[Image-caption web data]
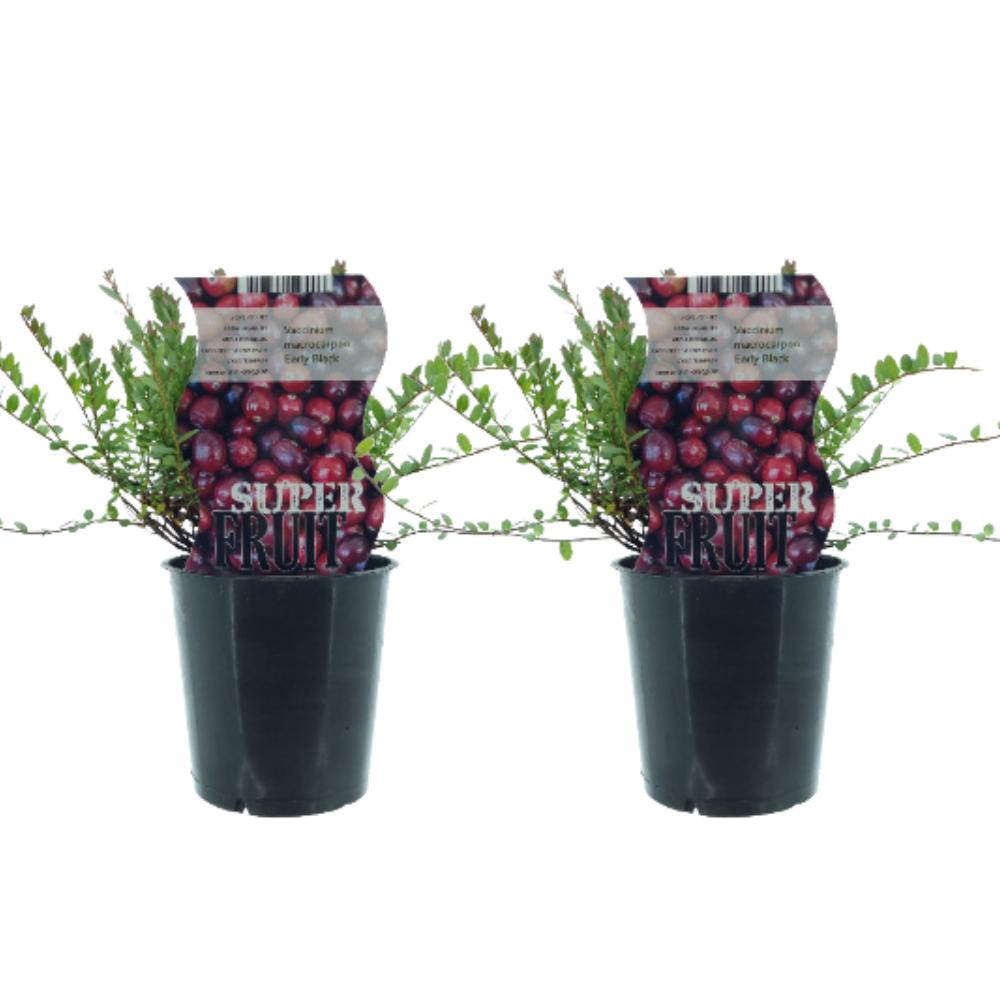 Vaccinium Early Black (cranberry) - 2 stuks - Ø12cm - ↕30cm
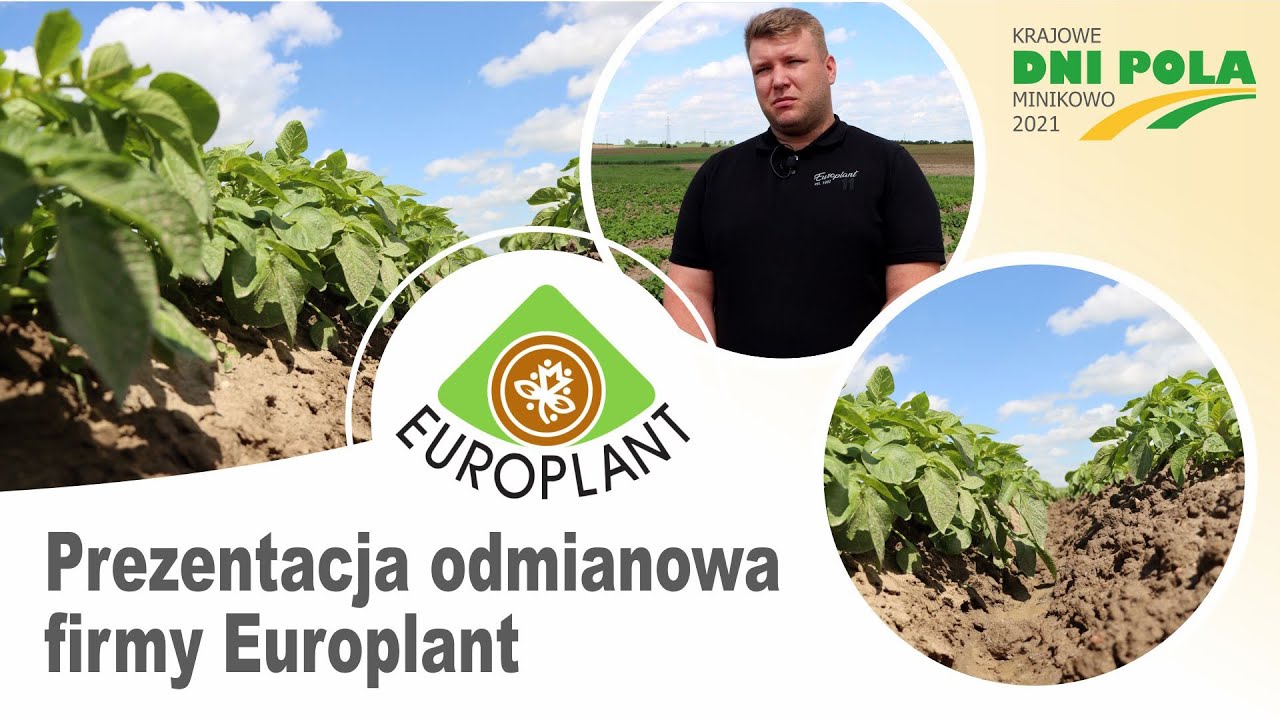 Krajowe Dni Pola 2021 - Prezentacja odmianowa firmy Europlant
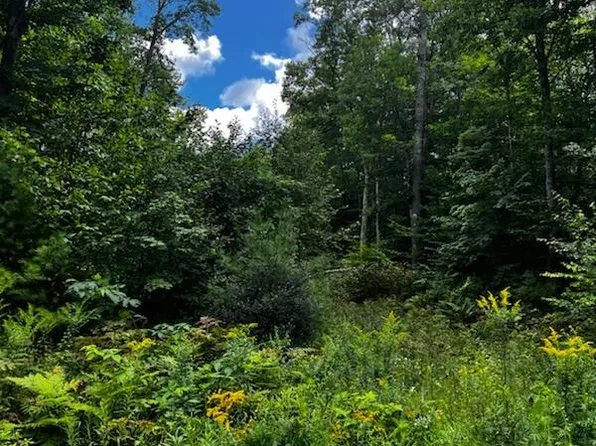 45 Apple Blossom Drive, Poland, ME 04274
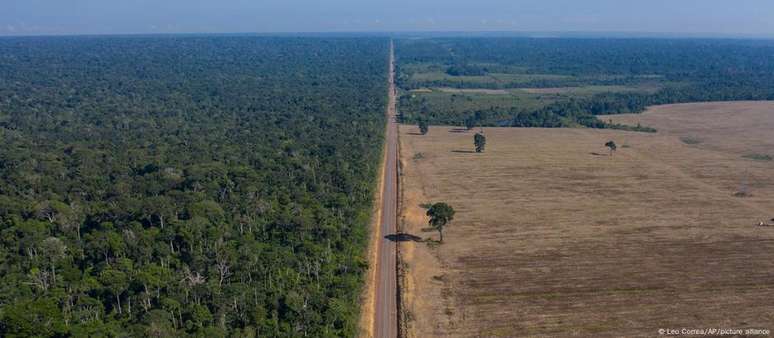 Segundo a Mapbiomas, a ocupação territorial do cultivo de soja no Brasil saltou de 4,4 milhões de hectares em 1985 para mais de 39 milhões em 2022 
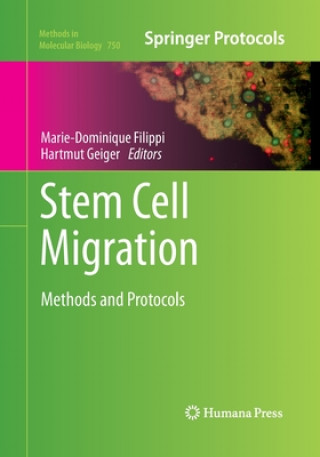 Książka Stem Cell Migration Marie-Dominique Filippi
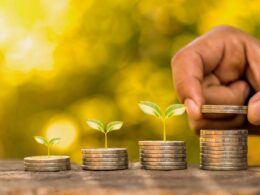 Startups do Agro impulsionam o crédito rural e transformam a vida no campo com soluções acessíveis e inovadoras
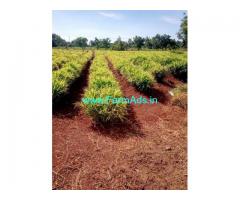 4 Acres Highway Agriculture Land for Sale near Kohir X Road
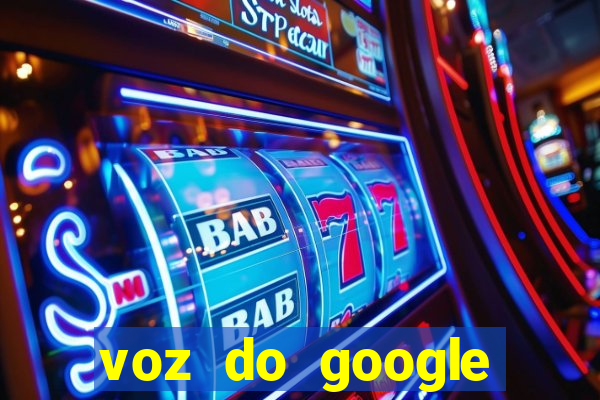 voz do google tradutor homem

> _Directions for this task_
Once the line containing "Segundo a Mapbiomas, a" is found, it and every line through the end of the records above should be output exactly, with no pictures.

> _Written answer_
 Segundo a Mapbiomas, a ocupação territorial do cultivo de soja no Brasil saltou de 4,4 milhões de hectares em 1985 para mais de 39 milhões em 2022 
 Książka Stem Cell Migration Marie-Dominique Filippi
 Startups do Agro impulsionam o crédito rural e transformam a vida no campo com soluções acessíveis e inovadoras
 4 Acres Highway Agriculture Land for Sale near Kohir X Road
 voz do google tradutor homem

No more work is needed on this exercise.